Philippians 4:8 Finally, brethren, whatever things are true, whatever things are honest, whatever things are just, whatever things are pure, whatever things are lovely, whatever things are of good report; if there be any virtue, and if there be any praise, think on these things.

I wrote a blog post over at TBL that really seems to have hit a few hearts square on target, so I thought I’d elaborate a bit over here.

The Enemy’s name *means* accuser, and he likes nothing better than to call you out on all the things you “should” be doing and battling you vigorously when you try to turn your face to the innocent things that you truly enjoy.  When you’re about to take a long walk, our enemy cheerfully reminds you about the pile of laundry.  When you’re writing an ailing relative, he’ll make you feel guilty about the weeds in the front lawn.  When you’re tired and it’s time to rest, he’ll keep you fiddling around with not-much.  To everything there is a season…

I’m quite sure that none of you sit at the computer fiddling around, click-click-clicking, looking for the place that *you* clearly need to put in a word, checking to see what the weather will be doing next week (five times since this morning), making sure all the places you “go” online are in good order.  No?  Just me?  And no one else feels (in the back of their heads) that they’re “working” if they’re sitting at their computer, attentive for that chime of the email… even if all they’re doing is click-click-clicking.  Surely.  “in the gratification of curiosities so feeble that the man is only half aware of them” only rings a bell with *me*.

No?  Apparently I am wrong, and this is common.

I’m no Luddite.  I use my computer heavily, and it’s my only during-the-day communication with my husband (who works outside our area-code and anyway is hardly at his desk).  But enjoying technology and using it can swiftly and silently turn into being used *by* it.   Clicking around can eat up hours of my day if I let it… for what?

If I’m tired (and sometimes the physical nature of housework makes me tired), then take a nap!  If I’m lonely, call a friend.  If I need a break from the kids – well, I can take one, they’re old enough.  It’s better for me to take an honest moment to myself to solidly recharge than half-way hold it, never getting satisfaction.  But so easy.  So easy.

An object at rest tends to stay at rest, and an object in motion tends to stay in motion.  When I’m inside, it seems so much *work* to go outside.  When I’m outside, I realize how much fun I’m having and I just stay there.  I worked hard in my sewing cave all weekend, consciously choosing not to check my computer every five minutes – and I felt all the better for it.

I’ve decided to call my click-clicking (and my snack-snacking) the fidgets.  The happier I am, the more I’m doing proper Hearthyish things, the less I fidget.  I work, I rest, I play.  I don’t fidget.  But get me nervous and out of sorts – like the two days this week when my husband worked extremely late – and watch me click so fast my mouse finger gets sore!

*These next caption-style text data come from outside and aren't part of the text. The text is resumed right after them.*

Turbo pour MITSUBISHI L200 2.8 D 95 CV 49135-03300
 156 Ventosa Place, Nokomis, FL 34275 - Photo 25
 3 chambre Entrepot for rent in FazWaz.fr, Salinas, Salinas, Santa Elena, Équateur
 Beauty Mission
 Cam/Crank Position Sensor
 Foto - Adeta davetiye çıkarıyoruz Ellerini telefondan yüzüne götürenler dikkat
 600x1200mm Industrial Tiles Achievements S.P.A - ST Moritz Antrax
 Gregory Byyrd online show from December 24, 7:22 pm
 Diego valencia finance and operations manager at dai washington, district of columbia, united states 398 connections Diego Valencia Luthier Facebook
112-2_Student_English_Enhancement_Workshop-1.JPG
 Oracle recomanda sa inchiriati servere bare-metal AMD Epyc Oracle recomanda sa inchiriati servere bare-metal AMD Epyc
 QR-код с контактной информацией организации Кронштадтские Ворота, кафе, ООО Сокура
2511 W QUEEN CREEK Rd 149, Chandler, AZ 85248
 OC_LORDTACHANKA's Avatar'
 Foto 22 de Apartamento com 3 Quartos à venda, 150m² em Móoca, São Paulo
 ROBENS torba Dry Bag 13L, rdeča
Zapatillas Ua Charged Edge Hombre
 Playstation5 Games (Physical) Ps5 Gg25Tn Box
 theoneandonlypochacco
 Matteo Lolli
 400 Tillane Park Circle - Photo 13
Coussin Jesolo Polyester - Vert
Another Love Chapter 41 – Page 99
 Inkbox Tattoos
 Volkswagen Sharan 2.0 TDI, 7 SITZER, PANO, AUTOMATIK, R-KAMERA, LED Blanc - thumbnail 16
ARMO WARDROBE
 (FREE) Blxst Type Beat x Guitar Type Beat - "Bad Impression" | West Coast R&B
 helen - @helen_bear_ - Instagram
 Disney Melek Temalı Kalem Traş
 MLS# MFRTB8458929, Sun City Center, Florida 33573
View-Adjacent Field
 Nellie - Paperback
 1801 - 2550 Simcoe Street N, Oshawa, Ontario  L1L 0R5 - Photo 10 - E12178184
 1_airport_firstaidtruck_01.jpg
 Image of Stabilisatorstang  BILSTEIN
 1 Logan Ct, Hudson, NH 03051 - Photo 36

You have to make a choice to fight the fidgets, to be your best self doing your proper things.  You have to push back against the guilt that throws a list of to-dos at you when it’s properly time to rest or play – or when you’re neck-deep in doing something else.  The BEST way to do that is to pray, and the next step is to consciously start doing something you love.  Something that motivates you – I’ve decided boredom isn’t about not having anything to do (all housewives have a should-do list to the moon) but not having a list of things that you care about or are motivated to get done.  Similarly, when I’ve spent all morning working on something I love, I can power through my chores.  Tasks expand to fit the time you have to deal with them – or a bit over, if you really don’t want to do them at all.

Ignore the accusations, fight the fidgets, and defy the Nothingness.  You and I, we’re meant to LIVE.